Kronprinsessegade 18 is a Neoclassical property overlooking Rosenborg Castle Garden in central Copenhagen, Denmark. The building was together with the adjacent buildings at No. 618 constructed by the master builder Johan Martin Quist. It was listed in the Danish registry of protected buildings and places in 1945.

History

Construction
Kronprinsessegade was created in 1802 on a strip of land that had until then been part of Rosenborg Castle Garden. The land had been presented to the City of Copenhagen by the Crown as partial compensation for a regulation of the city's street network following the Copenhagen Fire of 1795. A large plot of land was acquired by the master builder Johan Martin Quist (now No, 8-18).The site now known as Kronprinsessegade 18 was initially referred to as lots No. 1 and No. 2A. The still undeveloped property was listed in the new cadastre of 1806 as No. 391. The present building on the site was finally constructed by Qvist in 1807-13 as the last of his six Kronprinsessegade buildings.

Later history
The military officer P. F. Steinmann (1812-1894) resided in the building from 1847 to 1852. The civil servant and politician C. E. Bardenfleth (1807-1857) was among the residents in 1857. The  actress and ballet dancer Betty Hennings (née Schnell; 1850-1939) resided in the ground floor apartment from 1886 to 1890.

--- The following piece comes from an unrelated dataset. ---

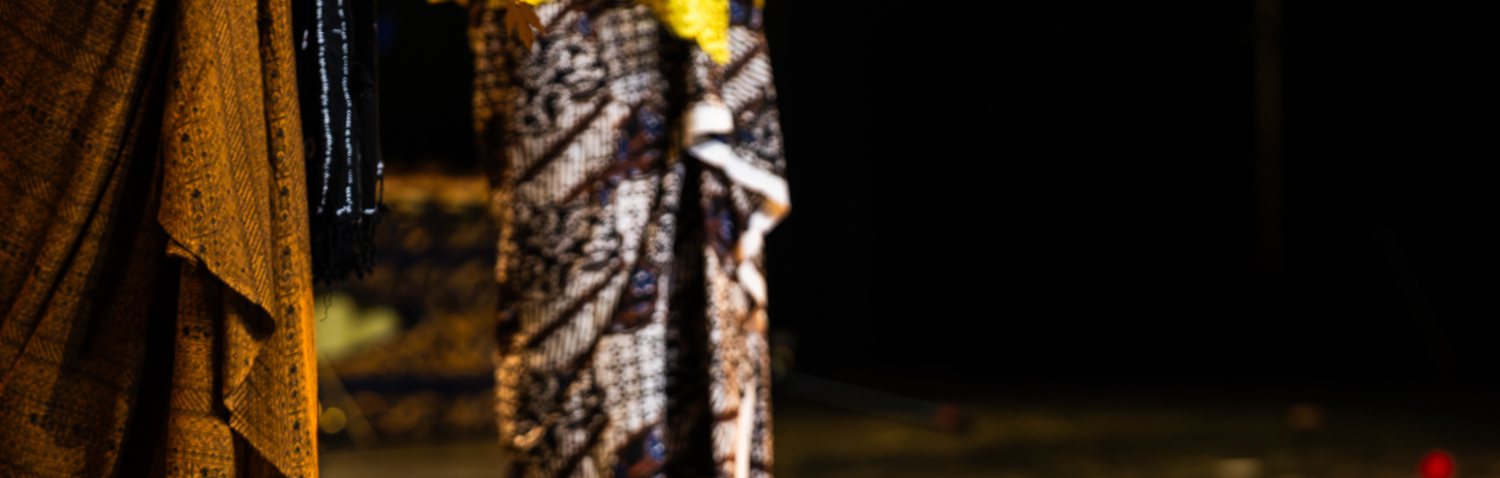Jarik met batikmotief, gedragen in de traditionele Javaanse dans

The writer Einar Christiansen (1861-1939) resided in the apartment on the third floor from 1891 until his death. He was editor of Illustreret Tidende from 1892 and artistic director of the Royal Danish Theatre from 1899.

Architecture

Kronprinsessegade 18 is constructed in four storeys over a raised cellar. The facade is horizontally divided by cornice bands below the first and fourth storey. There are relief decorations below the windows on the first floorstorey.

A perpendicular side wing extends from the rear side of the building and is again attached to a parallel cross wing at the bottom of the first courtyard. A gateway in the cross wing opens to the second courtyard. At the bottom of the second courtyard is a former wagon house.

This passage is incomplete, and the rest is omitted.